An der Gorefront geht es abwechslungsreich zur Sache. Gliedmaßen werden ausgerupft, Bäuche geöffnet, Schädel geknackt, Kehlen aufgerissen, Innereien ans Tageslicht gezerrt, das übliche halt. Realistisch ist nichts davon, dafür hübsch saftig. Beim Make-Up der Ghouls hat man sich leider weniger Mühe gegeben. Die Zähnchen sind ja sehr cool, aber die bläulich angemalten Gesichter sind nun wirklich nicht das Gelbe vom Ei. Da bleibt ein schaler Geschmack zurück, insbesondere, wenn man den im Sommer 1988 entstandenen Kurzfilm zum Vergleich heranzieht, welcher gemacht wurde, um Geldgeber aufzutreiben. Der ist nämlich ein kleiner Kracher und dem Spielfilm in allen Belangen klar überlegen. Die hierzulande unbekannten, in Amerika aber (zur Entstehungszeit des Filmes zumindest) ziemlich populären Herren Joe Franklin und Jackie Martling sind in ausgedehnten Cameos zu sehen, und Mary Huner (Slime City) sowie Psycho Sisters-Regisseur Pete Jacelone sind ebenfalls mit von der Partie.

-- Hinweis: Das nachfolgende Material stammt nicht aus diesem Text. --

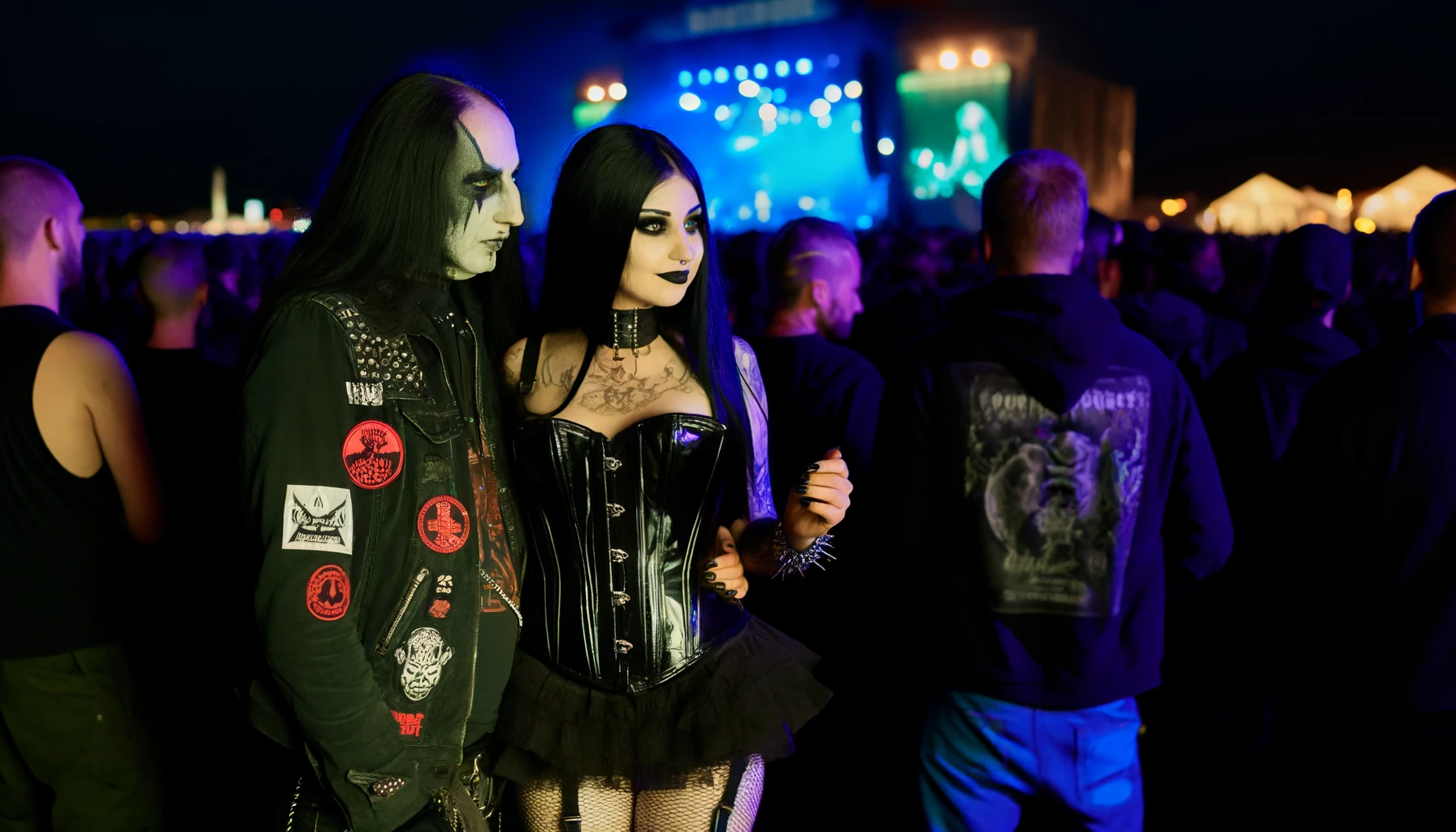 Night scene of a gothic couple at Bloodstock 2016 Festival, with concert stage lights in the background.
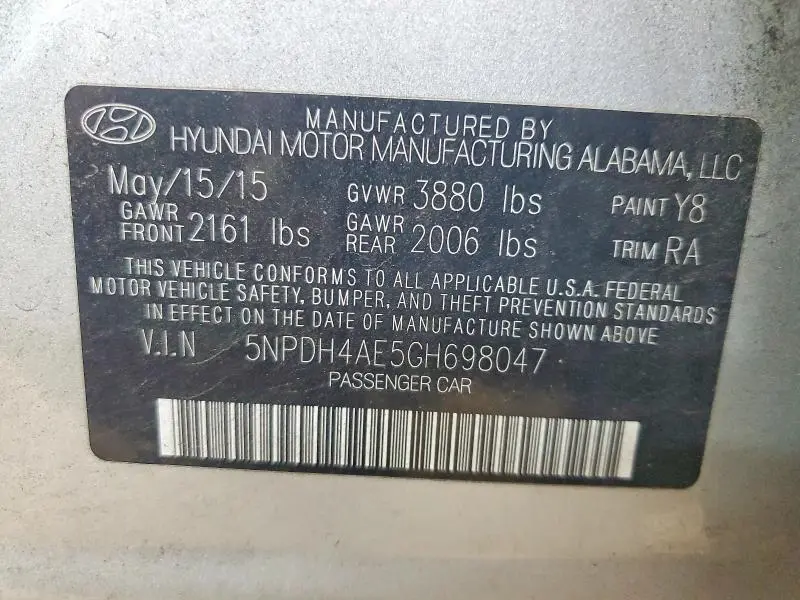 2016 HYUNDAI ELANTRA SE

Freunde von lustigem Amateursplatter kommen hier also auf ihre Kosten, aber auch sie werden nicht umhinkommen festzustellen, daß Ghoul School viel besser hätte werden können, ja, hätte werden müssen, wenn man etwas ambitionierter, konzentrierter und engagierter zu Werke gegangen wäre. Immerhin hat das zweiundsiebzig Minuten kurze, auf 16mm-Film gedrehte Movie seinen Zweck erfüllt und verhindert, daß ich zum Gorehound mutiere. Yeah! (*)
(*) Hmmm...? Jetzt war mir dieser Quatsch doch tatsächlich mehr als tausend Worte wert. Manchmal frage ich mich schon, ob ich noch zu retten bin!?